Exercise objective => Which lines of the entries below run from the one holding "Belgische Pitch Pine" to the one holding "2018-19 Luka Doncic", inclusive? Set down exactly those lines and no others.

Study material =>

* * * * *

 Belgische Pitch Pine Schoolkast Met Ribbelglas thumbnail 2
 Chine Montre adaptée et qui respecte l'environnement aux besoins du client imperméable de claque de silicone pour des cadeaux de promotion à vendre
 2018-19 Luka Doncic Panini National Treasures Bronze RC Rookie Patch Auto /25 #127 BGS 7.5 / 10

* * * * *

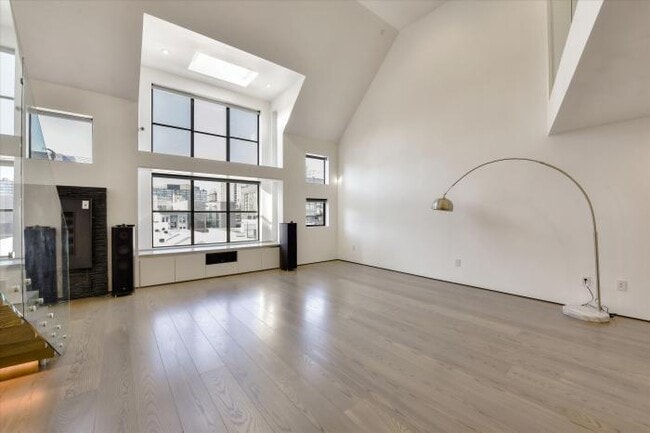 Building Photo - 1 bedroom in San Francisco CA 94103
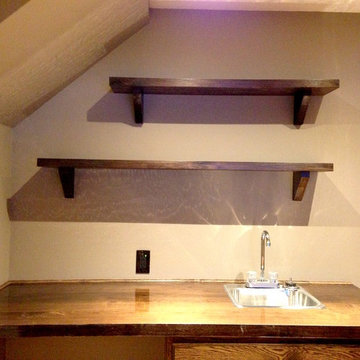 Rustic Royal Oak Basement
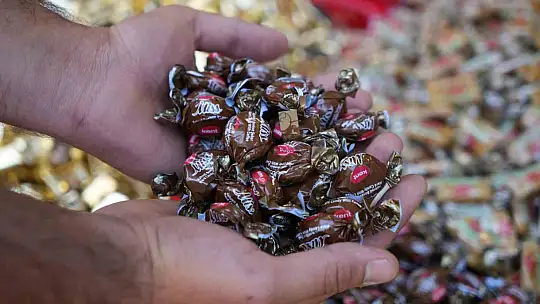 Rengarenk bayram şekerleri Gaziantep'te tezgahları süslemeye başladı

* * * * *

Written solution =>
 Belgische Pitch Pine Schoolkast Met Ribbelglas thumbnail 2
 Chine Montre adaptée et qui respecte l'environnement aux besoins du client imperméable de claque de silicone pour des cadeaux de promotion à vendre
 2018-19 Luka Doncic Panini National Treasures Bronze RC Rookie Patch Auto /25 #127 BGS 7.5 / 10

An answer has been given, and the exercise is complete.